In the study presented here, we have measured cfDI and cfDNA concentration of 383 probands by fragment analysis of ALU and LINE1 repetitive DNA elements. We found healthy controls to possess the highest cfDI and also observed the cfDI to decrease and cfDNA concentration to increase proportional to the cancer severity. Additionally, in the MBC group we also found correlation of cfDI to progression-free (PFS) and overall survival (OS), and possessing better prognostic capabilities than CTC status.

Materials and methods

Study subjects and plasma sample preparation

The study was approved by the Ethical Committee of the University of Heidelberg (Heidelberg, Germany). Study subjects (n = 383) included patients with primary tumour, PBC (n = 82, Table 1 in ESM), or with radiologically confirmed presence of one or more metastatic sites, MBC (n = 201, Table 2 in ESM), and healthy controls (n = 100). All subjects were females and Caucasians. The PBC cohort consisted of patients with initial diagnosis of sporadic BC and no clinically discernible metastasis. Blood was collected from them at the time point of diagnosis before they underwent any therapy or surgery, while MBC patients received one or more rounds of therapy for their metastatic tumour before recruitment and thus, before blood collection. Healthy controls comprised of individuals with no clinically diagnosed malignancies, autoimmune diseases or inflammation at time of blood collection.

EDTA blood was collected from all study participants, and plasma was separated by centrifuging blood at 1,300×g for 20 min at 10 °C within 2 h of blood collection. The supernatant, i.e. plasma, was centrifuged again at 15,500×g for 10 min at 10 °C to minimize any blood cell or cell debris contamination. The resulting plasma was snap frozen in liquid nitrogen and stored at –80 °C until further use. For MBC patients, CTC counts were additionally evaluated by the \({\hbox{CellSearch}}^{\circledR }\) system (Veridex, LLC, Raritan, NJ). Depending on the number of CTCs, patients were distinguished into two sub-groups; CTC-positive MBC (CTCpos-MBC; ≥5 CTCs/7.5 ml blood) or CTC-negative MBC (CTCneg-MBC; no detectable CTCs).

Extraction of cfDNA from plasma

cfDNA was extracted from 800 μl of plasma using the QIAamp DNA Blood Mini Kit (Qiagen, Germany) according to the kit protocol but with the following modifications: (1) addition of linear acrylamide (Ambion, Life Technologies, USA) to samples prior to extraction at a final concentration of 20 mg/ml, and (2) increasing volume of AL buffer and ethanol to 800 μl.

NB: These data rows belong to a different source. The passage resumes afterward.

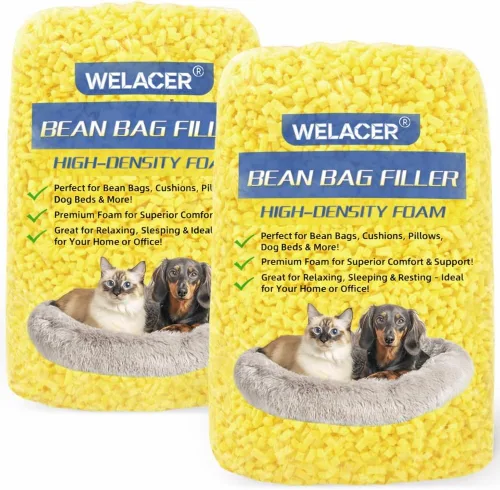 Miniatura 14 de Relleno de espuma viscoelástica triturada de 10 libras para relleno de puf, cojín de silla de almohada, cama de perro, repuesto para manualidades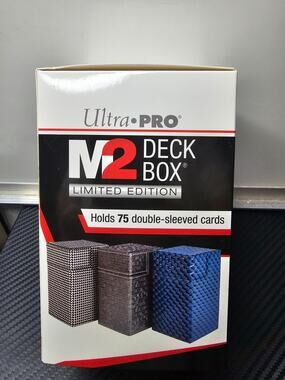 M2.1 Premium Deck Box: Limited Edition Dark Steel High End Unique Cards Storage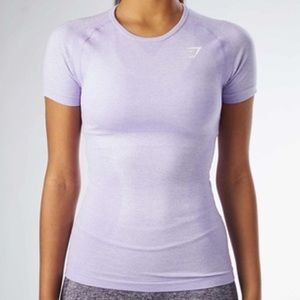 Gymshark Seamless T-Shirt Soft Lilac Marl Sz S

Subsequently, cfDNA was eluted in 40 μl of elution buffer, the eluate re-applied onto the column, and the final eluate was collected and stored at 20 °C. Samples from different groups were always extracted together to avoid batch effects.

cfDNA from in vitro cells and apoptosis induction

Three cell lines, non-tumourigenic breast epithelial cells, MCF-10a, tumourigenic epithelial cells derived from solid, invasive ductal carcinoma of the breast, BT-474, and tumourigenic epithelial cells derived from pleural effusion of a patient with metastatic adenocarcinoma of the breast, MCF-7, were analysed. Identity of cell lines was confirmed by SNP-profiling. All cell lines were grown as adherent monolayers, and media was aspirated 72 h post seeding for cfDNA extraction. For apoptosis induction, MCF-10a and MCF-7 cells were grown to 80 % confluence, and then incubated for 24 h with either 1 μM staurosporine (test) or DMSO (control). At least >90 % of cells were confirmed to have undergone apoptosis by trypan blue staining, and corresponding media was collected. In vitro experiments were carried out in biological triplicates. In both the above described experiments, immediately following aspiration, media was centrifuged at 2,000×g for 10 min to eliminate cellular contamination. cfDNA was extracted from 400 μl of media as detailed above after proportionally adjusting the volume of AL buffer and ethanol.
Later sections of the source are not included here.